There's been a bit of a debate going on here amongst ZDNet's bloggers, both publicly and privately, about whether it's better to outsource email or keep it in-house. Behind the scenes, George Ou is even trying to cost a list of all the ingredients required to set up a redundant Exchange architecture, including software and staffing, so as to prove that it's "cheaper" than paying an outsourced provider.
You know what? I've come to the conclusion that most people who are in favor of keeping email in-house are simply prejudiced. I don't see them including any costs for management and monitoring software to make sure that the system stays up and running and to send alerts if it doesn't."Most companies do not understand the true, hard costs of their messaging systems" I don't see them including the cost of holiday cover or overtime for the email administrator, so I guess if the system goes down at 8pm everyone will just have to wait until next day before it comes up again. There just seems to be an unspoken assumption that, so long as you set it up right, the in-house system just isn't gonna fall over (or if it does, only during office hours). Whereas (the assumption continues) everyone knows that outsourced providers are always having outages ... The other interesting question I have in my mind is, how did we end up centering the discussion on Exchange hosting when it was originally sparked by Google's moves with Gmail? Where's the price comparison of an in-house Gmail infrastructure compared to the cost of Google's service?
Anyhow, my role as the resident SaaS blogger here on ZDNet is to be prejudiced the other way, so I decided to ask an expert on email outsourcing to put his point of view. Patrick Fetterman is president of Mi8, an innovative New York City-based company founded in 1997, which specializes in providing hosted Microsoft Exchange as a subscription service.
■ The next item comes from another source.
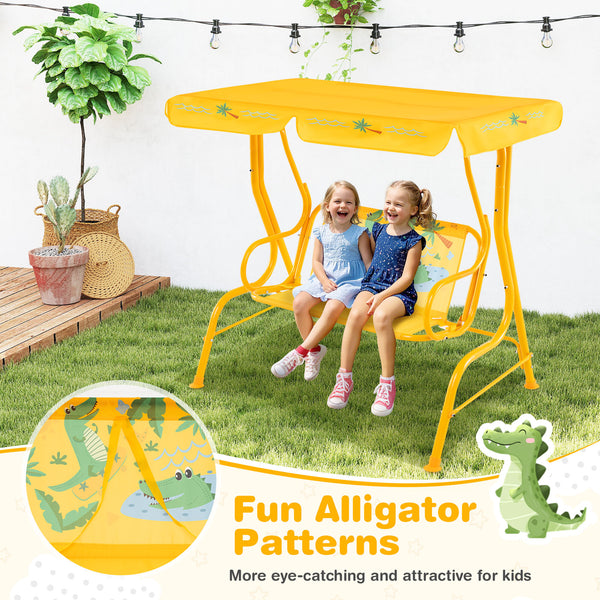 Kids patio swing bench with canopy for two, perfect for outdoor play and relaxation.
Patrick and his company have had long experience of dealing with most companies' natural diffidence about email outsourcing, so he takes a much more conciliatory line than my own provocatively combative approach to such matters. But what struck me most about what he put down was his final point, so I'm going start there and then work back, because I think it underlines the way this argument is dominated by perceptions and prejudices rather than hard facts (I've added emphasis to some of his words):
"Amazingly, every company we talk to has a TCO for their messaging system that is far below the industry average, and uptime that is far above the industry average! I don't mean to poke fun, but it's become blatantly obvious to me that most companies do not understand the true, hard costs of their messaging systems, nor do they accurately measure their downtime. We assist companies in calculating these numbers, and they are often shocked by what they discover."
He goes on to add that the point of outsourcing isn't usually to save money, but to improve the performance and reliability of email:
"Outsourcing is not usually an enormous cost savings, but it is predictable, which is often a benefit (and it should be at least roughly equivalent to your internal costs, not significantly higher.) Also, outsourcing can deliver an improvement in reliability and performance, especially if you're on an older, trouble-prone system, or if resources are hard to come by."
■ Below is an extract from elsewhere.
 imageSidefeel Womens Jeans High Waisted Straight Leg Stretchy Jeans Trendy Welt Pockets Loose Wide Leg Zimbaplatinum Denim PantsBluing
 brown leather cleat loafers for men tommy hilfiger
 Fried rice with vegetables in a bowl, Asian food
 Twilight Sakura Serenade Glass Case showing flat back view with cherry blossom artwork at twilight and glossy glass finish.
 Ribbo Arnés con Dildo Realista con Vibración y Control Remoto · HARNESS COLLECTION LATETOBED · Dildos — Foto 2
He prefaced these comments with a balanced assessment of the factors to be taken into account when weighing up whether or not to outsource email:
"There are many reasons to consider outsourcing a messaging system, but in my opinion, there is no silver bullet to this, no one item that says, 'You absolutely MUST outsource your messaging!' Rather, it's how your organization weighs several different factors:
- The mission-critical nature of email
- The availability and cost of talented email administrators in your geographic region
- Your overall IT budget and project calendar
- The required feature-set
- Integration with other systems
- Regulatory requirements impacting email
"I disagree with some previous posters in whether or not a company should consider outsourcing a truly mission-critical system, but it must be in balance with the other issues listed above. Email has become mission critical for most companies, just like the phone system and an Internet connection, but like these other systems it is NOT a core business function of the company; rather, it is an infrastructure service. This should put messaging on the top of the list of systems that should be considered for outsourcing."